Work to complete |
Exact wording is needed for every line from the one holding "Gucci Navy and white GG Marmont shoulder bag" to the end of the records below; write those lines out and omit the pictures.

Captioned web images
============================================================
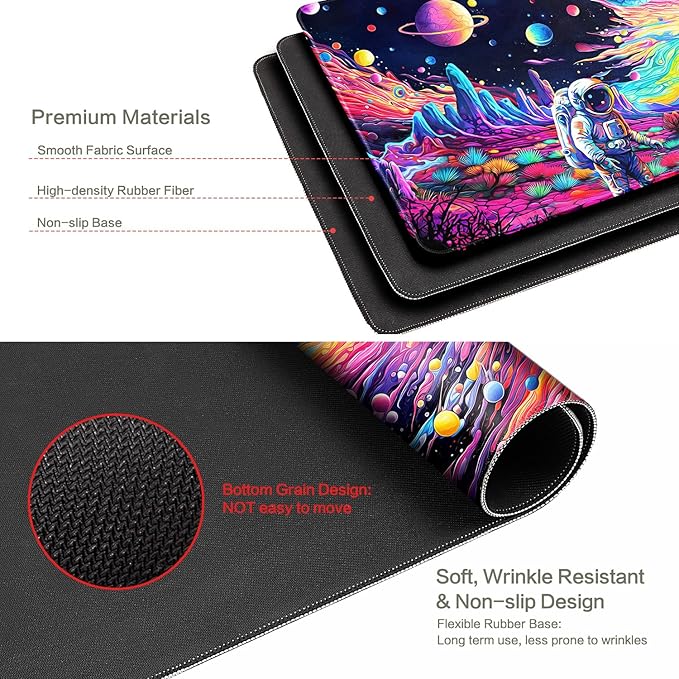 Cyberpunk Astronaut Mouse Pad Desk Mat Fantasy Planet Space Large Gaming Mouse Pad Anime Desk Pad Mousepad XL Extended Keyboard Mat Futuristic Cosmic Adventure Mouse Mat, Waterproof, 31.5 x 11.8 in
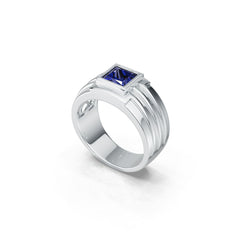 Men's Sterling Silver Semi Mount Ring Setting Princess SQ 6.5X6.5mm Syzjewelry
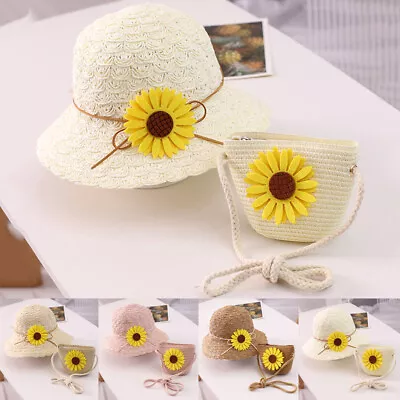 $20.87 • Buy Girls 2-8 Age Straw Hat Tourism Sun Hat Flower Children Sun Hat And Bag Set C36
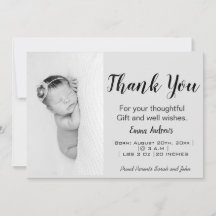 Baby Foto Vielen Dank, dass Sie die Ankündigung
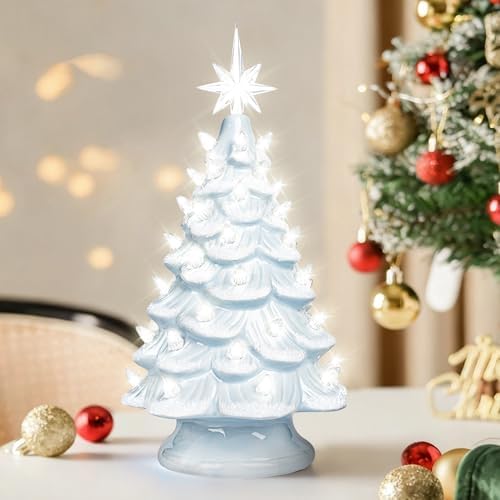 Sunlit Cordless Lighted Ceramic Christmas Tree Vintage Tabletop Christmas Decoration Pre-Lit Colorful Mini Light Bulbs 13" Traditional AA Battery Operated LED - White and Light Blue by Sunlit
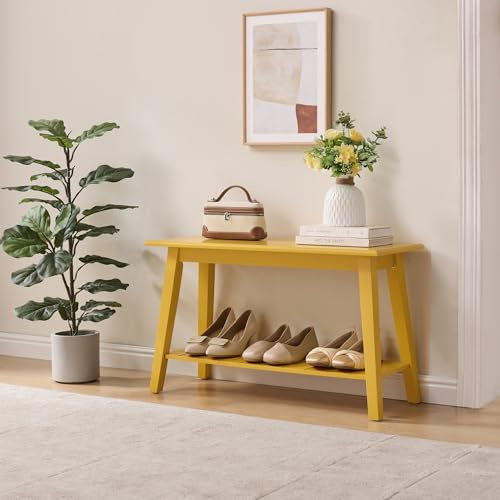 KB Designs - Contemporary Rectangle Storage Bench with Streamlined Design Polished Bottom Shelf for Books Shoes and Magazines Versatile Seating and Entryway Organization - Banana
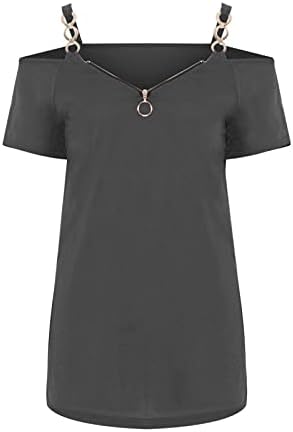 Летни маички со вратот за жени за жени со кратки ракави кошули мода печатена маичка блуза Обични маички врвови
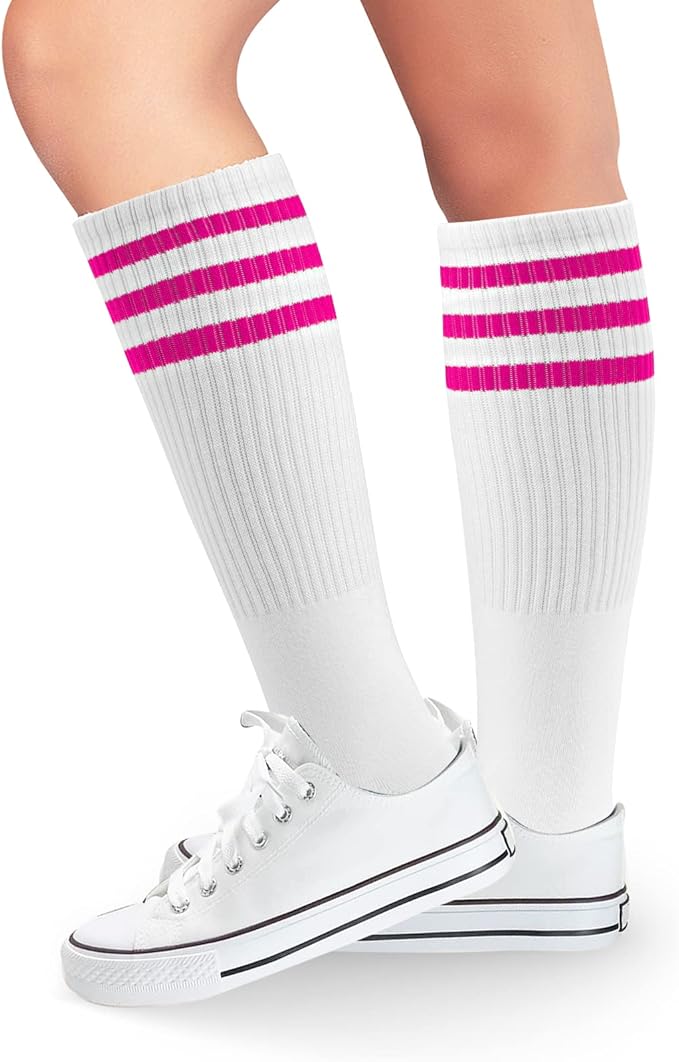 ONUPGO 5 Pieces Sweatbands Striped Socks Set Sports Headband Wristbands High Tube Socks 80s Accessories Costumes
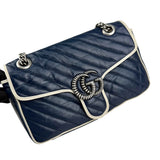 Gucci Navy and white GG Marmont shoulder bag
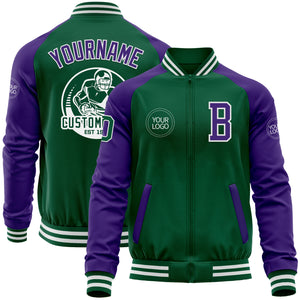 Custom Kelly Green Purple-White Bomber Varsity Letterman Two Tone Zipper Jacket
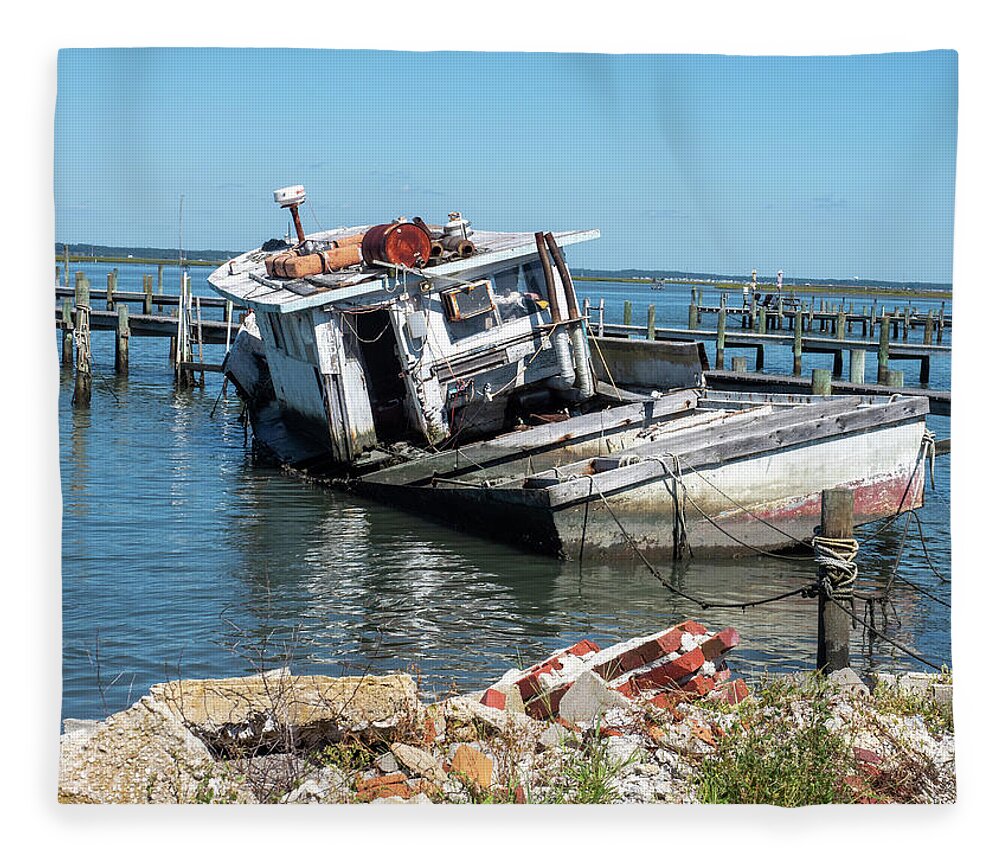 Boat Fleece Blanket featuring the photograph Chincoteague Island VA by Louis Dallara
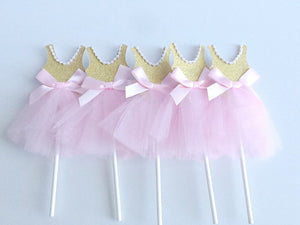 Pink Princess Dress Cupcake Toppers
============================================================
Solved problem |
 Gucci Navy and white GG Marmont shoulder bag
 Custom Kelly Green Purple-White Bomber Varsity Letterman Two Tone Zipper Jacket
 Boat Fleece Blanket featuring the photograph Chincoteague Island VA by Louis Dallara
 Pink Princess Dress Cupcake Toppers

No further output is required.